Grüner & Blaufränkisch Road Trip
This week I was back in Michigan to do a little end of season maintenance projects on the vineyard. Basically a little fertilizing, trellis work and checking on the new plantings from this summer. After being fairly efficient getting my list of things done I realized that I actually had time to take a road trip to Traverse City for the day.
Not thinking I was going to have time this week to make it to T.C. I really didn’t have a plan. Knowing it was only going to be a day trip I decided that I should focus on some of the varieties that we are growing and see how the pro’s are doing with those.

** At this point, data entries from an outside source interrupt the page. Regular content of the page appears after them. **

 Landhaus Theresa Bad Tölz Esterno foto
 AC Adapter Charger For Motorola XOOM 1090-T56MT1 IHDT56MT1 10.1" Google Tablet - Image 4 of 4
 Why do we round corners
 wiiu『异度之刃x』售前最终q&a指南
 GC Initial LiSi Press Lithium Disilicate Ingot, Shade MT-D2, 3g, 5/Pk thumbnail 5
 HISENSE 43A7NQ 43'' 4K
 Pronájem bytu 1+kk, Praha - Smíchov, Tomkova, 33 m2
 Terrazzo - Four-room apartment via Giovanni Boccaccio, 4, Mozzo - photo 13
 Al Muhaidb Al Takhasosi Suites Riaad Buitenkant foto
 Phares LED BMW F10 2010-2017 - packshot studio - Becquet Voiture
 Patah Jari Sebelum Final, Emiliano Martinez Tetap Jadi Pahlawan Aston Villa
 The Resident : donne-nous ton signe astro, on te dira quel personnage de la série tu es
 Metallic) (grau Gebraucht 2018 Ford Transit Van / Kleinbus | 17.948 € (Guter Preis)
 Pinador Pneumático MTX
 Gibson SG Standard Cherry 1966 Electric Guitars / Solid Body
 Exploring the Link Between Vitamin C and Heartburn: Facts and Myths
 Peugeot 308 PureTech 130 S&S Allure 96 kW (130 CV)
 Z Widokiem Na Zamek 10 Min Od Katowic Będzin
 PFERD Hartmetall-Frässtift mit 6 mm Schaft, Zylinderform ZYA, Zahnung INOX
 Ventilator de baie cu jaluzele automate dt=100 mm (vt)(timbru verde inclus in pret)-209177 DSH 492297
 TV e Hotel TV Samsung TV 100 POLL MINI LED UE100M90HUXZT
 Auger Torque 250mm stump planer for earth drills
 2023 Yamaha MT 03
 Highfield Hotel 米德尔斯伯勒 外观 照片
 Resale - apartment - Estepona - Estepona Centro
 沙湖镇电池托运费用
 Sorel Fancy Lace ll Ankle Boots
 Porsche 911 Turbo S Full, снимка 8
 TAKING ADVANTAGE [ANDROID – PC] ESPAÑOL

I don’t think I could have picked a better day to make the drive. After I drove north of Manistee the fall colors were amazing and it made the drive alone worth the trip.
Left Foot Charley
First stop on the inaugural Grüner/Blaufränkisch Road Trip was Left Foot Charley for their recently released 2011 Blaufrankisch. After stopping at the Pleasanton Bakery for a late morning snack I think I was the first customer at Charley’s. Walking by the garage door to the winery I could see the press working its magic getting next year’s wine started.
I probably should have started with the lighter whites, but since I was here for the Blaufränkisch I started with a taste of that. The wine had a touch of blackberry along with a hint of spiciness. Note to self…we should probably pair this with some venison tenderloin.
Leaving I grabbed a bottle of the Blaufränkisch and I also a bottle of their dry Riesling. You can never have too many dry Rieslings lying around. LFC also has a nice dry Gewurztraminer that in hindsight I should have picked up as well.
Chateau Grand Traverse
This stop was the main reason for the trip up north. We have tried (and still have a couple of bottles left to see how it ages) some of the Laika – Grüner Veltliner from 2010 (It is also available at our local wine store only a couple of blocks from our house in Minneapolis). But since the 2011 bottling was released we hadn’t had a chance to sample it yet.
After arriving at the tasting room and perusing the list of available wines I spotted the Laika on the back page of the list. Unfortunately it was under the “Wine not available for tasting” section so I was a little miffed.
So I tried the always solid and under-appreciated dry Riesling, a Vin Gris (white wine made from Pinot Noir grapes), and the Pinot Noir. All very nice, but let’s face it, I was here for the Gruner so I was fairly distracted tasting the other wines.
After I finished up the tasting my pourer asked if I’d like to try anything else. Dejected I said, no I was really hoping to try the Grüner but it was not available for tasting. With a smirk he reached into the cooler and pulled out a bottle and poured me sample. My trip was saved. Definite white pepper smell along with a little citrus. I can probably drink Grüner Veltliner every day and be happy, and I can definitely drink CGT’s any day.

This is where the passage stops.